ANOVA – Choosing Between Mann-Whitney U Test and Kruskal-Wallis Test for Comparing Medians

anovakruskal-wallis test”wilcoxon-mann-whitney-test

I know that Kruskal Wallis test can be used to compare median of two or more groups (e.g. see this link: https://www.statisticshowto.datasciencecentral.com/kruskal-wallis/ ), and that Mann-Whitney U test can be used for two groups.

My question is: Can we use Kruskal Wallis all the time? It can do what Mann-Whitney U test does (when comparing two groups). If the answer is yes, then why don't we just discard Mann-Whitney U test, i.e. why does Mann-Whitney U test exist?

Best Answer

  1. With two samples a Kruskal-Wallis is equivalent to a Wilcoxon-Mann-Whitney but without the direction information; so you lose the ability to do a one-sided test.

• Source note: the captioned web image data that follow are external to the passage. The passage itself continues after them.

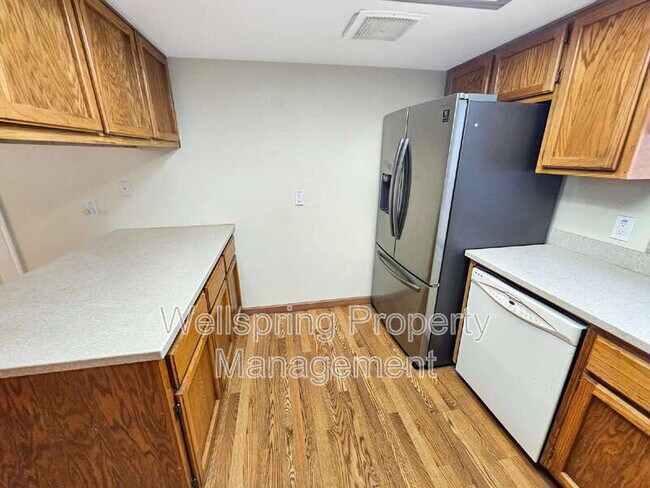 Building Photo - 821 Janelle Ct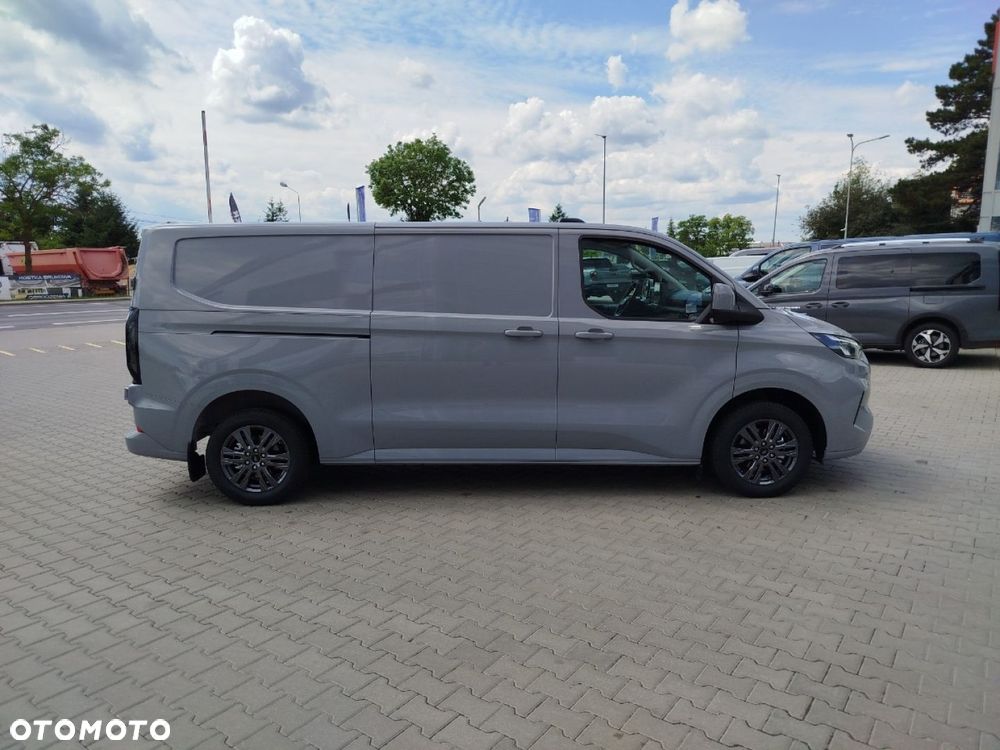 Ford Transit Custom - 8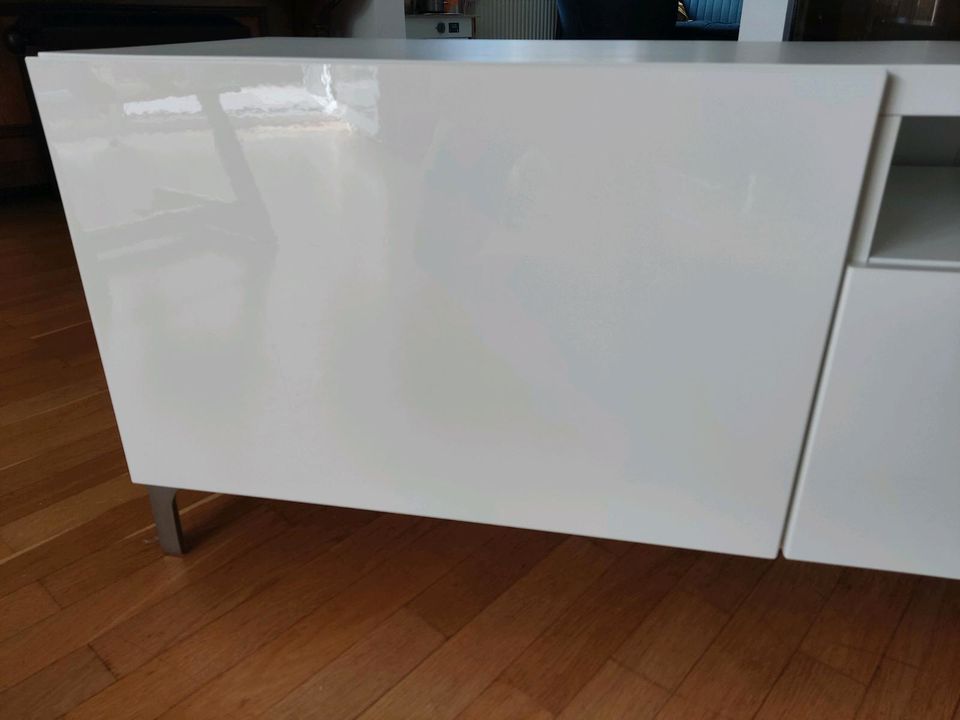 Ikea Besta TV Bank 180x40x38 in Hochglanz in Reppenstedt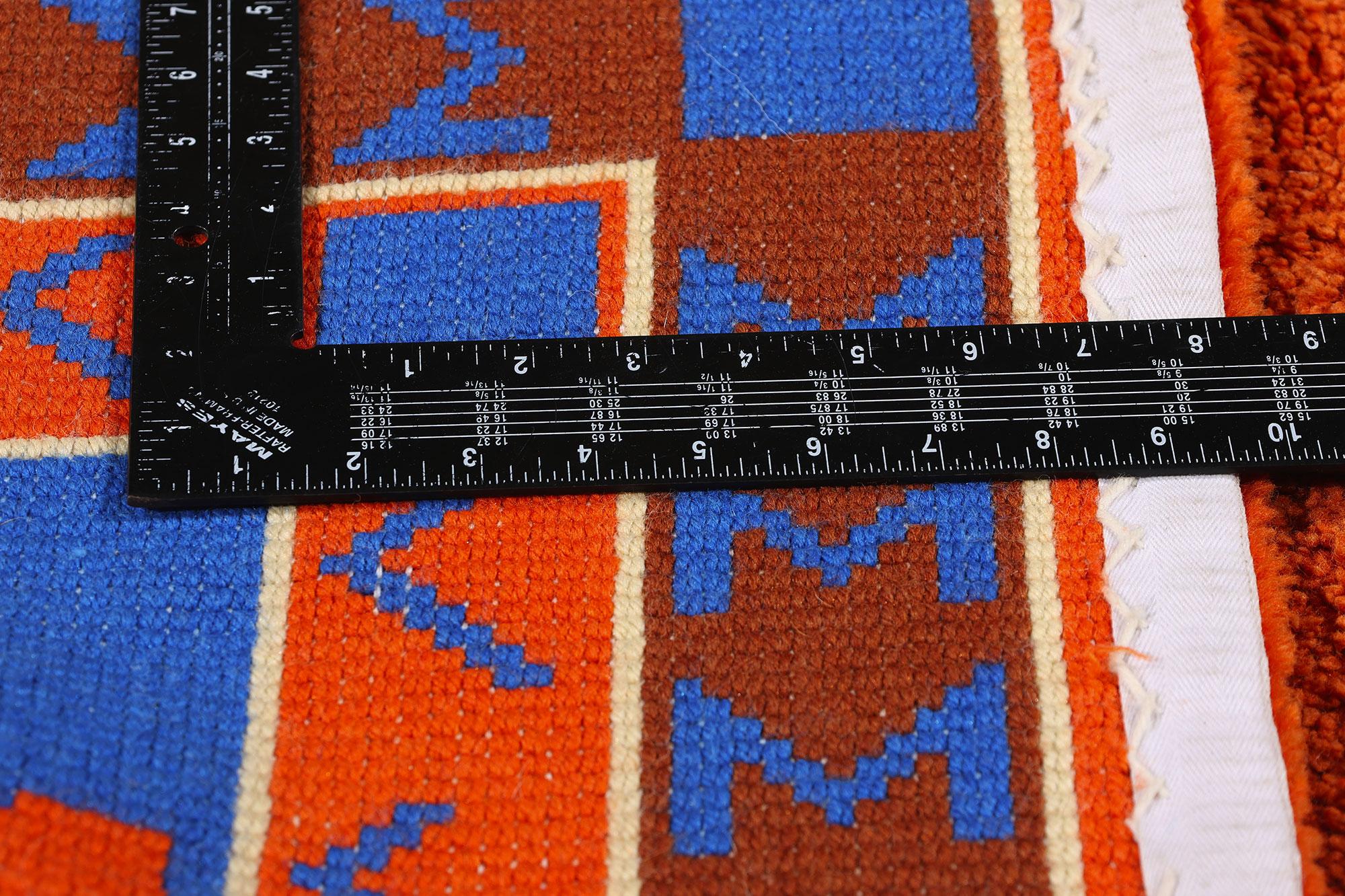 Alfombra Enganchada Americana Vintage Southwest Sunrise, 04'03 x 05'02 en Bueno estado para la venta en Dallas, TX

  2. Some implementations use the exact distribution for small samples with the Wilcoxon-Mann-Whitney but not for the Kruskal-Wallis (yielding not-so-accurate p-values with small samples). R is one example; if both sample sizes are below 50 (and there are no ties) it uses the exact null distribution Wilcoxon-Mann-Whitney, but it uses the chi-squared approximation for the Kruskal-Wallis, sometimes leading to rejection when you should not reject (as in the example below) or failure to reject when you should.

    wilcox.test(a,b)
    
            Wilcoxon rank sum test
    
    data:  a and b
    W = 90, p-value = 0.05032
    alternative hypothesis: true location shift is not equal to 0
    

    kruskal.test(values~ind,stack(list(a=a,b=b)))
    
            Kruskal-Wallis rank sum test
    
    data:  values by ind
    Kruskal-Wallis chi-squared = 3.913, df = 1, p-value = 0.04791
    
  3. Even at larger samples the results may differ if the Wilcoxon-Mann-Whitney implements a continuity correction (as in R) but the Kruskal-Wallis does not I don't recall offhand seeing any packages that implement a continuity correction with the Kruskal-Wallis (nor is it quite clear how to do this for more than 2 groups nor that it would be a good idea to do so). This is less important, since they're both approximations - neither is the 'correct' answer - but it's still a potential difference in their decisions in cases where the p-value is near the significance level.